The content is great and I’d highly recommend it if you want to dive deep into concurrency.
Background
My previous experiences learning about concurrency were mainly through:
- Jakob Jenkov’s Java Concurrency and Multithreading Youtube Playlist
- Michael Pogrebinsky’s Java Multithreading, Concurrency & Performance Optimization Udemy Course (which included some exercises)
- Baeldung articles for specific topics and trivia questions
- An attempt at implementing a thread pool
What I liked about this book
- Drills deep into the Java concurrency APIs and practical advice on how to use them. By the end you’ll likely become reasonably familiar with questions like “why prefer atomic variables over volatile variables?” or “why prefer concurrent collections over synchronized collections?”.

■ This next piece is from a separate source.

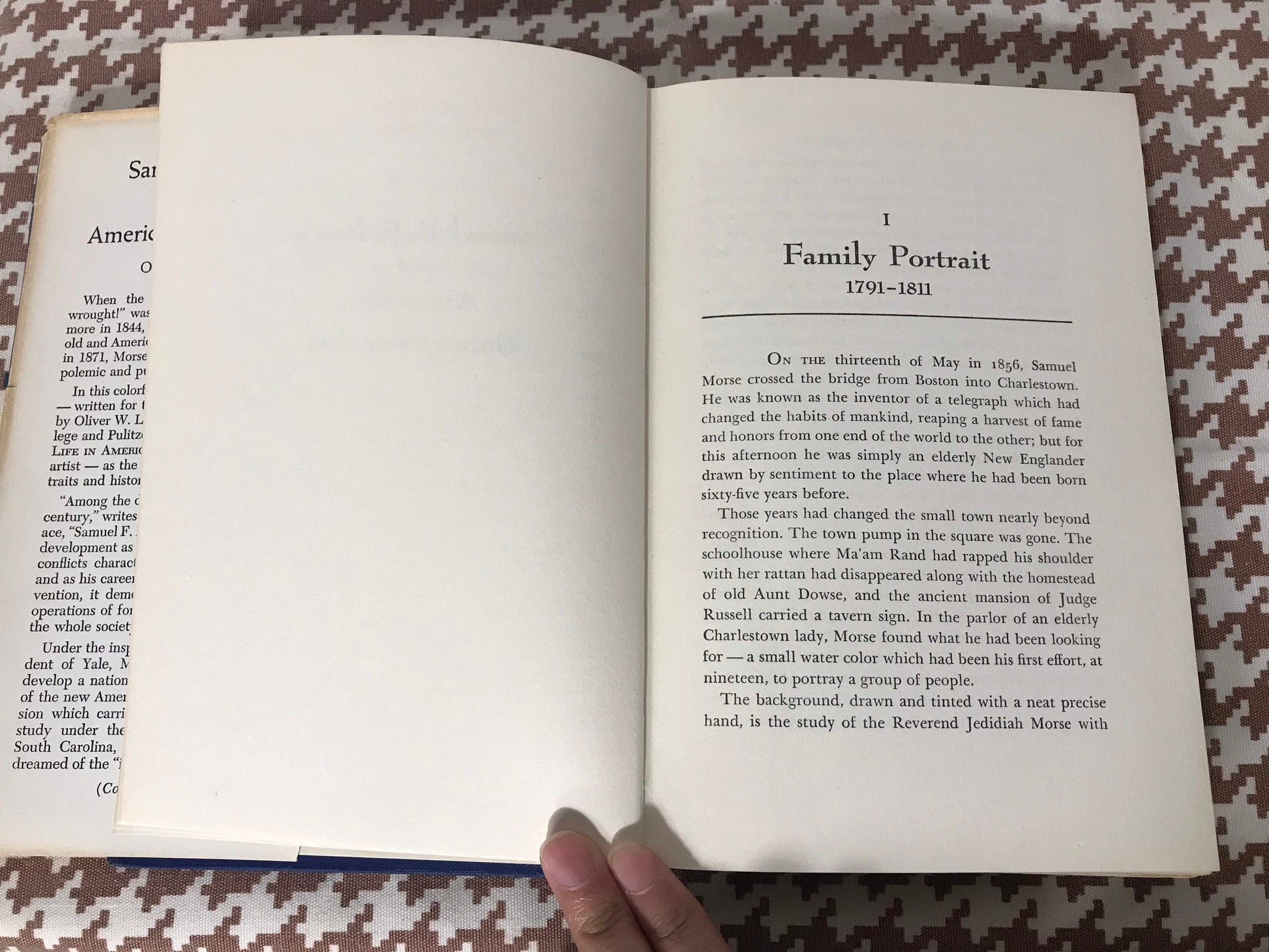 Samuel F.B Morse and American Democratic Art by Oliver W Larkin | Literature & Fiction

- Covers concurrency across all levels from class design all the way down to the JVM and hardware details (e.g. compilation, the Java memory model, how atomic variables exploit “compare-and-swap” (CAS) machine instructions to outperform the alternative approach of using locks)

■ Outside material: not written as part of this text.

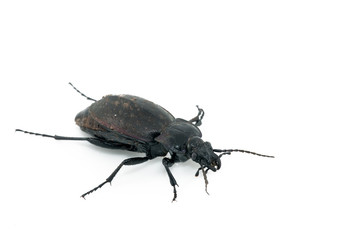 Beetle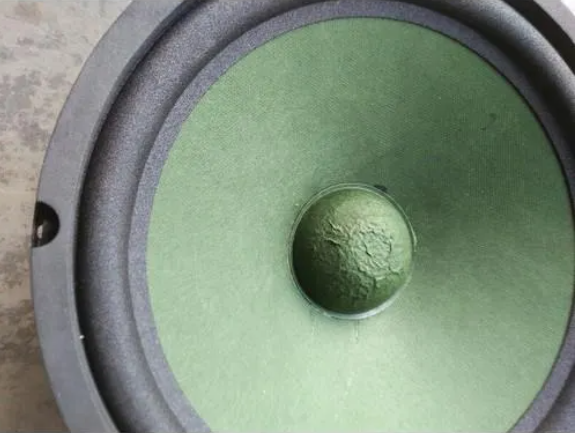 1 LOA BASS 25cm từ đơn 113mm (1 CỦ)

- Digs into the impact on wider concerns like testing, scalability and performance
- Occassionally illustrates concepts through real-world examples like GUI applications or logging services
How I read it
This is a dense technical book. I made it a goal to read up to ~50 pages in each sitting (which I didn’t always hit) to make the ~350 pages feel more manageable.
If you’re looking for a quicker crash course, I’d still highly recommend Jakob Jenkov’s free Youtube playlist. He covers most of the fundamental topics at a higher level, plus more recent developments like virtual threads (which were finalized in Java 21).
I expect it’d be challenging to recall everything unless you’re using it day-to-day, so I created my own notes while reading to use as a future refresher and reference.